### What you have to do
Copy out exactly the stretch below, from the line with "Then some bits" through the line with "Here you have", both included; the pictures stay out.

(Collected data)
------------------------------------------------------------------------

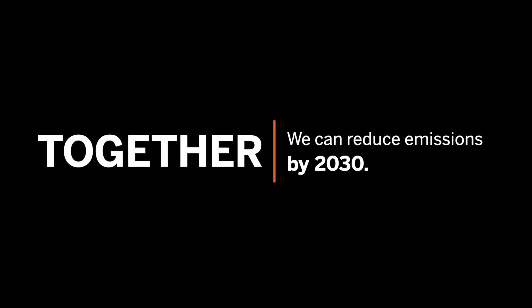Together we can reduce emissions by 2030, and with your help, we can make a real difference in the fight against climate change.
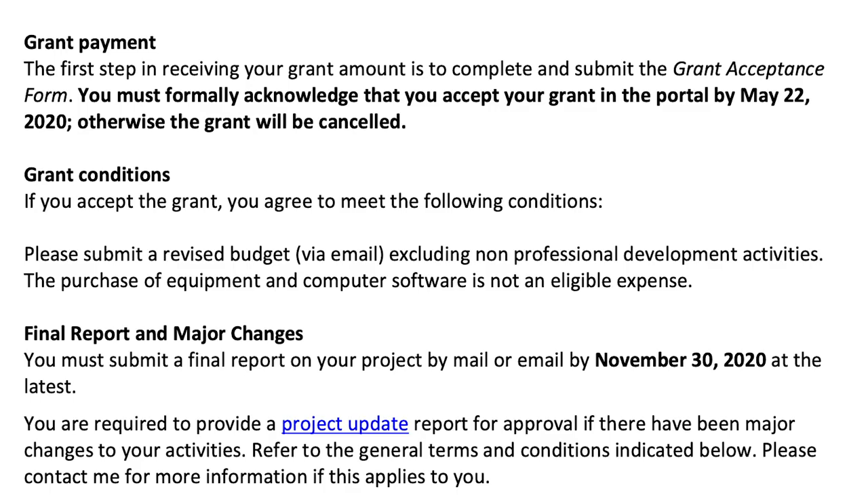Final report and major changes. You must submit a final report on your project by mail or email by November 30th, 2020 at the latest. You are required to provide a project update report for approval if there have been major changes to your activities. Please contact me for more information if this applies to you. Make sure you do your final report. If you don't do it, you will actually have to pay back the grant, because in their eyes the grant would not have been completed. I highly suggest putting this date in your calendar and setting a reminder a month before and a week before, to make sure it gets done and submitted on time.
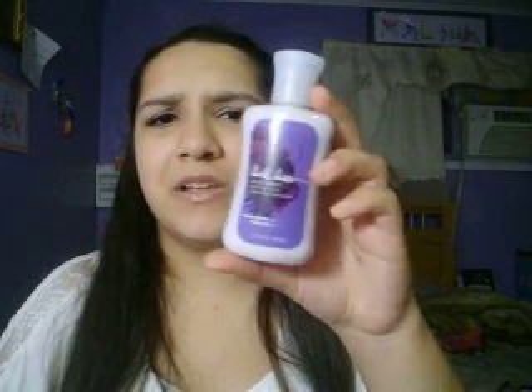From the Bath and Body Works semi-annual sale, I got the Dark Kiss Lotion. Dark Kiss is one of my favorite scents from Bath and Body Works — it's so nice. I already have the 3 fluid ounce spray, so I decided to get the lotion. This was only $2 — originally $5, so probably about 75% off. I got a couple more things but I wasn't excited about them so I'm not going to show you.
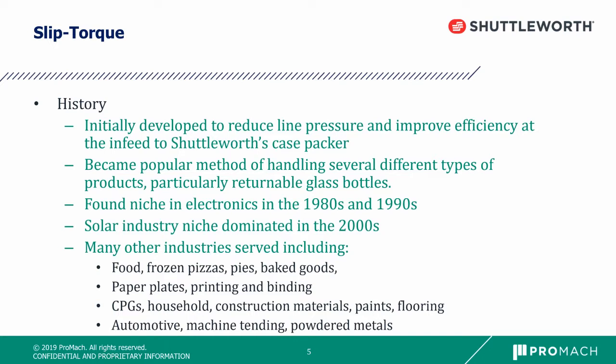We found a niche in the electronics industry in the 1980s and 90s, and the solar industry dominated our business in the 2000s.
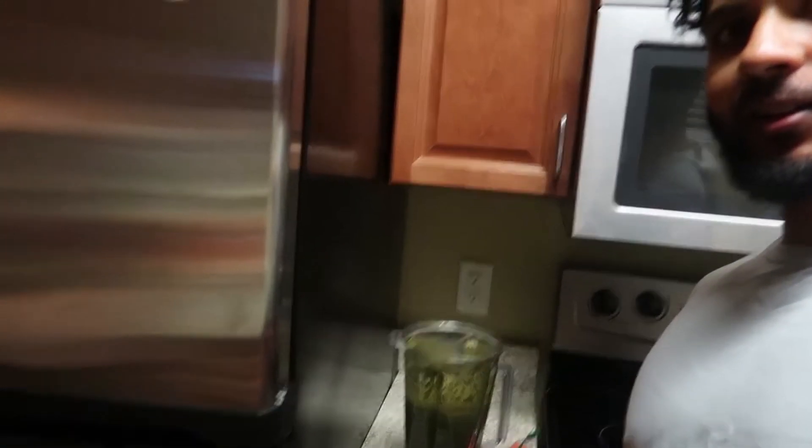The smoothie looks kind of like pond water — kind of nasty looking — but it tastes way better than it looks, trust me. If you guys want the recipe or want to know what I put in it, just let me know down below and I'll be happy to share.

------------------------------------------------------------------------

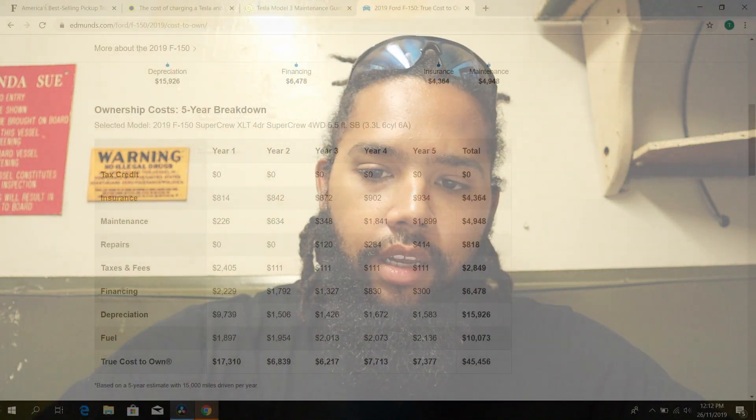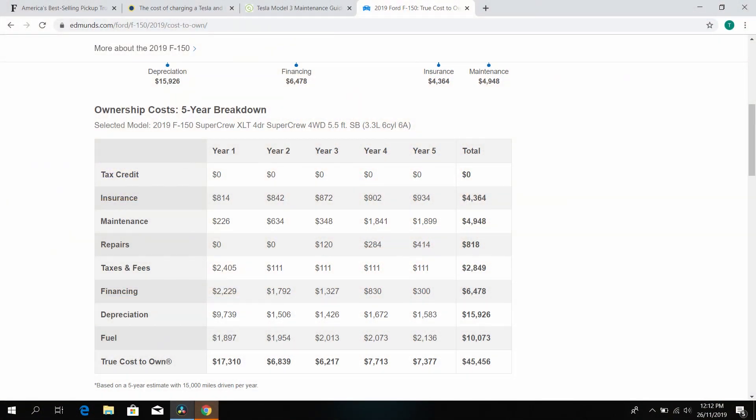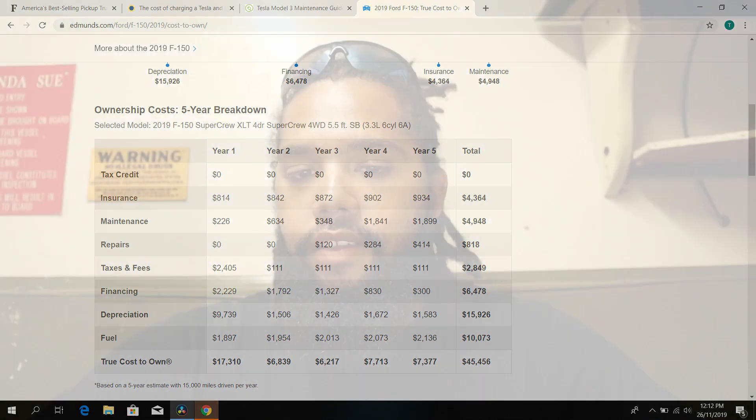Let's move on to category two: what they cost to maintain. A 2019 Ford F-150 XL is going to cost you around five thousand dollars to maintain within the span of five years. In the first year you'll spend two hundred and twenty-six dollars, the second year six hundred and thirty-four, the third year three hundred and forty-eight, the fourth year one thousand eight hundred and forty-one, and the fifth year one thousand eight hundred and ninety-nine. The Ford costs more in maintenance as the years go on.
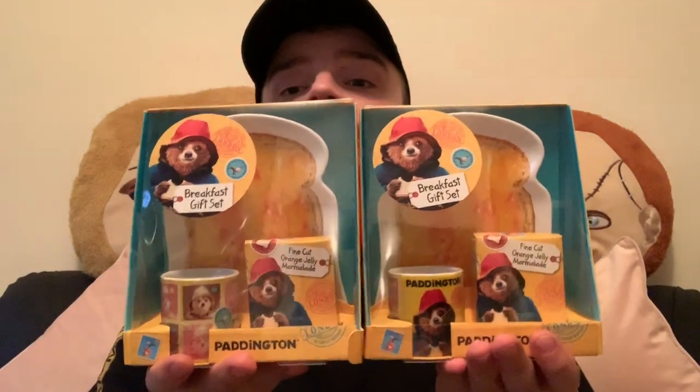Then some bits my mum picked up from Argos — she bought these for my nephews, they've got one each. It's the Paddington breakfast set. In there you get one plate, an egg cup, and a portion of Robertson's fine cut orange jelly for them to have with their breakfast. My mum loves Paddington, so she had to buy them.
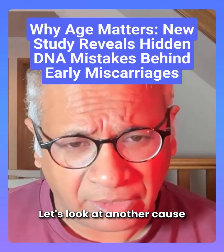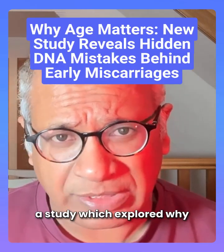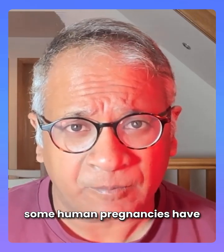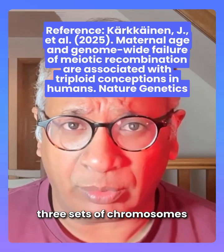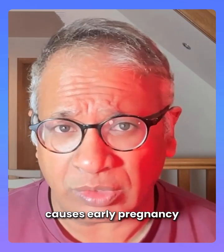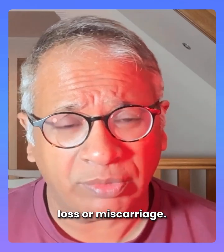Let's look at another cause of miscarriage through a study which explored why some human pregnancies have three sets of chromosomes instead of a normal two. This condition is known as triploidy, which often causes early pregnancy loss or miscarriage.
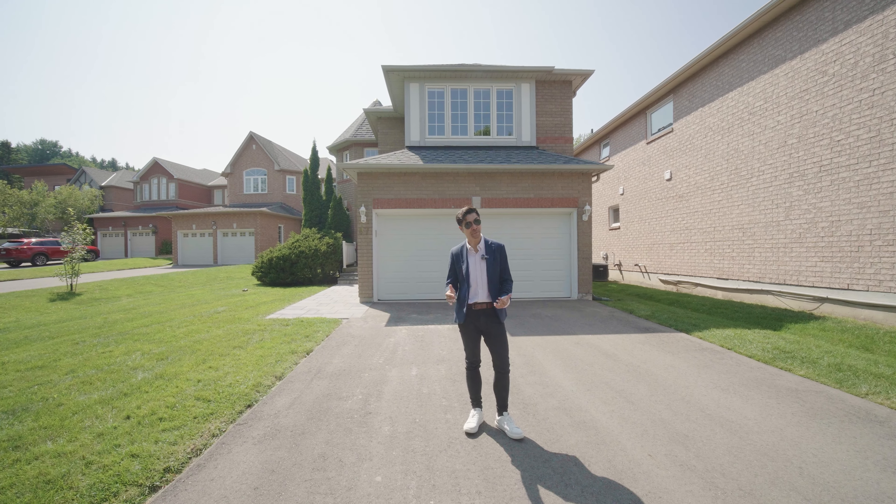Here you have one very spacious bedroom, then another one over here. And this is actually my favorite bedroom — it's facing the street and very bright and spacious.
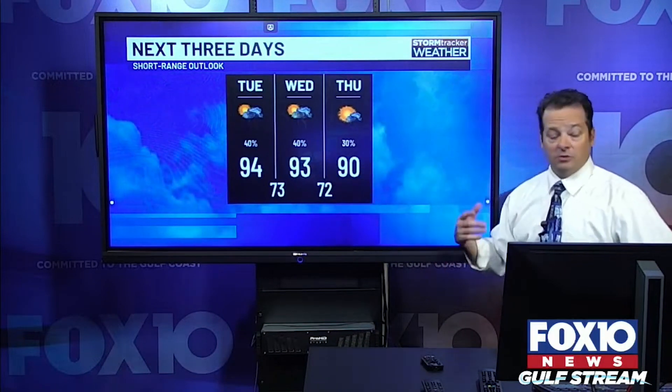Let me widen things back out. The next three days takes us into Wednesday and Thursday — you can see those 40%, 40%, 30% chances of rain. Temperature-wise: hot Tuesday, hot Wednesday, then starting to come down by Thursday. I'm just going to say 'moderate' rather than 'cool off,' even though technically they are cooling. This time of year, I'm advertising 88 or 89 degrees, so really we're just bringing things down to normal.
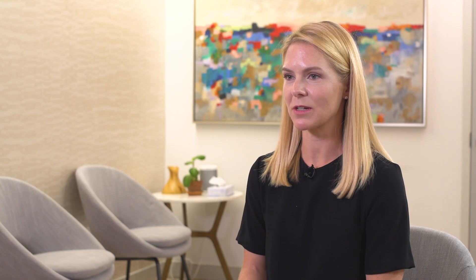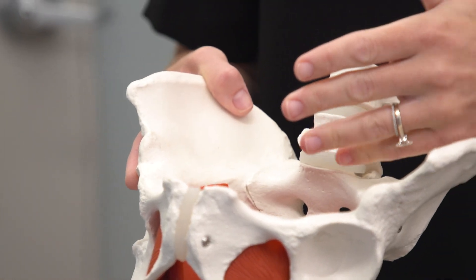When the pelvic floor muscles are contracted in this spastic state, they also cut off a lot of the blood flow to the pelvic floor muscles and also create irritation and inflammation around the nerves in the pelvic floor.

------------------------------------------------------------------------

### Answer box
Then some bits my mum picked up from Argos — she bought these for my nephews, they've got one each. It's the Paddington breakfast set. In there you get one plate, an egg cup, and a portion of Robertson's fine cut orange jelly for them to have with their breakfast. My mum loves Paddington, so she had to buy them.
Let's look at another cause of miscarriage through a study which explored why some human pregnancies have three sets of chromosomes instead of a normal two. This condition is known as triploidy, which often causes early pregnancy loss or miscarriage.
Here you have one very spacious bedroom, then another one over here. And this is actually my favorite bedroom — it's facing the street and very bright and spacious.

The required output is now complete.